Radiologists now define a Crohn’s-related small bowel stricture when the bowel upstream dilates to 2.5 cm or more, a threshold recently revised down from the older 3.0 cm cutoff to catch narrowing earlier.

Complications a CT Can Detect

CT is especially valuable for spotting complications that colonoscopy can’t reach or visualize well. Abscesses appear as walled-off fluid collections, sometimes containing pockets of air, that light up around their edges with contrast. Fistulas, the abnormal tunnels that Crohn’s can bore between loops of bowel or into surrounding structures, show up as enhancing tracks connecting organs or leading to the skin surface. CT is better than ultrasound for identifying these complications, particularly when they involve multiple bowel loops, the mesentery, or the tissue around the rectum.
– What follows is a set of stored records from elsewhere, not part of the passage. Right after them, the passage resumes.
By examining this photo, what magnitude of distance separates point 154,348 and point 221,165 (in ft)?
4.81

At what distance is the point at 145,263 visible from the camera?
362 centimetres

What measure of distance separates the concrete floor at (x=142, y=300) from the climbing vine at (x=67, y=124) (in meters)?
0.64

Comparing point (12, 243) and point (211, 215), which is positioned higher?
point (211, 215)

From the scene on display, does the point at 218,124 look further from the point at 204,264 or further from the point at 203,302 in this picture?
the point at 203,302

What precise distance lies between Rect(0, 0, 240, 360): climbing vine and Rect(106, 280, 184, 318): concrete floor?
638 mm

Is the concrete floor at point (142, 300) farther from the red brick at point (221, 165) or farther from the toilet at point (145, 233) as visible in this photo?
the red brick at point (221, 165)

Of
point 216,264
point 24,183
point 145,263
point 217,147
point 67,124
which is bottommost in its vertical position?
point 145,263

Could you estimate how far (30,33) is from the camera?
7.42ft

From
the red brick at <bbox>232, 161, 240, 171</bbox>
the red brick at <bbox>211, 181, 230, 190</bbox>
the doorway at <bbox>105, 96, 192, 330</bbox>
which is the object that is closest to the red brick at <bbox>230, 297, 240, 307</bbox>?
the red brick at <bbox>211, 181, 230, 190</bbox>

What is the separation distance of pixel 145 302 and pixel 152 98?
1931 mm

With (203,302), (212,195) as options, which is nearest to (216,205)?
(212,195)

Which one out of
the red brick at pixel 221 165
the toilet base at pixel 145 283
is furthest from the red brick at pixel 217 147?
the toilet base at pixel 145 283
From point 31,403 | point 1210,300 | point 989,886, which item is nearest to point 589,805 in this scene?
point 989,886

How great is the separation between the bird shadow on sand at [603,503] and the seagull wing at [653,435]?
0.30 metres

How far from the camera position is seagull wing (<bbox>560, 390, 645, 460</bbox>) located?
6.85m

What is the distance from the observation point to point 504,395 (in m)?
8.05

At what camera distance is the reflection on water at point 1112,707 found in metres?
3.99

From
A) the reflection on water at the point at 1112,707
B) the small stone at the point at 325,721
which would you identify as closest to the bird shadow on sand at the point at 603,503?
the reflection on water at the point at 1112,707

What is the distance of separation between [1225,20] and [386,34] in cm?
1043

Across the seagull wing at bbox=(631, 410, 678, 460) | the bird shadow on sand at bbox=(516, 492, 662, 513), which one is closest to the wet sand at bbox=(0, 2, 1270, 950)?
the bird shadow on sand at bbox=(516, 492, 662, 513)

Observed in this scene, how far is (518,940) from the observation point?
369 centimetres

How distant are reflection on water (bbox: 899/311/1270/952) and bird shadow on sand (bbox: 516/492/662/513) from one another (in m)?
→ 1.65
That said, CT has limitations with fistulas. Smaller tracks can be mistaken for inflamed muscle, and their exact openings into the bowel may not be visible. For complex perianal fistulas specifically, MRI is generally the better choice because it provides sharper soft-tissue detail in the pelvis.

What CT Cannot Do

CT gives an excellent view of the bowel wall, surrounding tissues, and complications, but it cannot match colonoscopy for surface-level detail of the inner lining. Early mucosal changes like shallow ulcers, subtle redness, or tiny erosions may not register on even a well-performed CTE. More importantly, CT cannot take tissue samples. A biopsy, which requires colonoscopy, is still the definitive way to confirm a Crohn’s diagnosis and distinguish it from other conditions like ulcerative colitis or intestinal tuberculosis.

Think of the two as complementary. Colonoscopy looks at the surface from the inside and can sample tissue. CT looks at the full thickness of the bowel wall and everything around it from the outside in. Most people with Crohn’s will need both at different points.

Radiation and Repeat Scanning

Because Crohn’s is a lifelong condition with recurring flares, cumulative radiation exposure from repeated CT scans is a real consideration, especially for younger patients. A conventional CT enterography delivers a median dose of about 3.5 millisieverts per scan. Low-dose CT protocols, now available at many centers, cut that by roughly 72%, bringing the median down to about 1 millisievert, without a significant loss in diagnostic accuracy.

MR enterography, which uses no radiation at all, is an increasingly common alternative for routine monitoring. Its sensitivity for detecting active small bowel Crohn’s is comparable to CT at around 88%. For many patients, especially those diagnosed young who will need decades of imaging, MRI has become the go-to for follow-up, with CT reserved for acute situations, surgical planning, or when MRI isn’t available.